He didn't make his first start until early in his 3-year-old season, but STU's debut was a winning one. The gelding has now compiled a record of 5-4-1 in 13 starts for earnings of $345,097.
For the Windsor Boys, the horse's name isn't as important as where he might take them in the future. Faubert explained that they'd really enjoyed watching Canadian-based Ami's Mesa run second in the Breeders' Cup Filly & Mare Sprint in 2017, and they look forward to someday having the chance to run in the World Championships with a horse of their own.
Of course, Faubert knows the group has already achieved much greater success than most new owners, thanks to the mentorship and partnership with Sikura.
“I keep telling them they've had an impossibly high strike rate,” Sikura said, pointing to the partnership's 10-6-4 record from 28 starts. “I'm glad to be a part of them enjoying the game, though. They really care about the horses.”
To date, the partnership's most successful horse is 2018 Sovereign Award-winner and multiple graded stakes-winner Moonlit Promise. The mare just foaled a colt by Quality Road, and Faubert said the group is looking forward to racing him in the future.
“We're like first-time grandparents now,” Faubert said, laughing.
Looking forward, Faubert said the group hopes to keep STU running through the sprint stakes series at Oaklawn this winter.
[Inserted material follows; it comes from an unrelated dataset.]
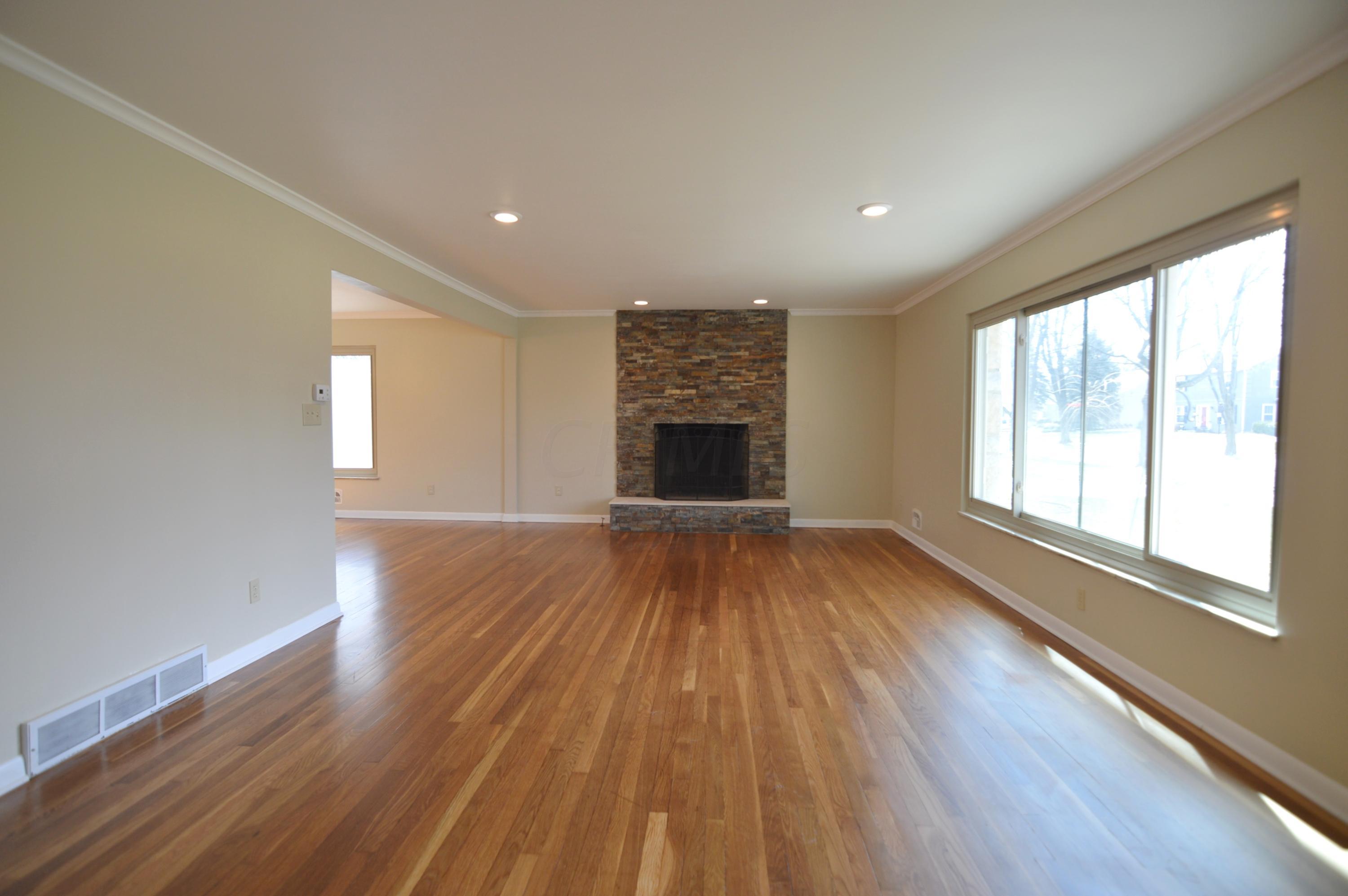 3182 Brandon Road Columbus, OH 43221 - Photo 4 of 30 Gallery Image 4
Additionally, promising young filly Curlin's Voyage is preparing for her 3-year-old season at Woodbine.
The stakes-winning daughter of Curlin is currently in training in Florida with Josie Carroll, and Faubert said the target will be to get her to the Woodbine Oaks.
“Josie sent me a photo of her this week, and she's looking really good,” he said. “All of us have enjoyed learning about this sport, from John and from our world-class trainer Josie Carroll. We've seen what it takes to turn a young horse into a champion, and we've seen all the little challenges that pop up along the way… We're often joking that horse racing is a lot like hockey, because they're both equally tough sports.”
The members of the Windsor Boys partnership all came together through either a connection to hockey or harness racing, both of which were popular in their hometown. One of the members, Joel Quenneville, is a three-time Stanley Cup winner as the head coach of the Chicago Blackhawks.
Quenneville and Sikura met through hockey when Sikura played for the Windsor Spitfires. When the Windsor Boys started travelling to Saratoga 15 years or so ago for summer vacations, Faubert explained that they all met Sikura there, through his connection to the coach, and began planning a venture in Thoroughbred racing.
“We just fell in love with the vibe there, and the culture,” Faubert said. “We met through our high school years and have since spread all around and are all involved in various businesses, but we stayed in touch. We finally decided to start the ownership group, and we've really been enjoying it.
“It was (Sikura's) roots to Canada and his love for hockey that made us like him from the start. That's really what brought us all together; Canada, hockey, and horses.”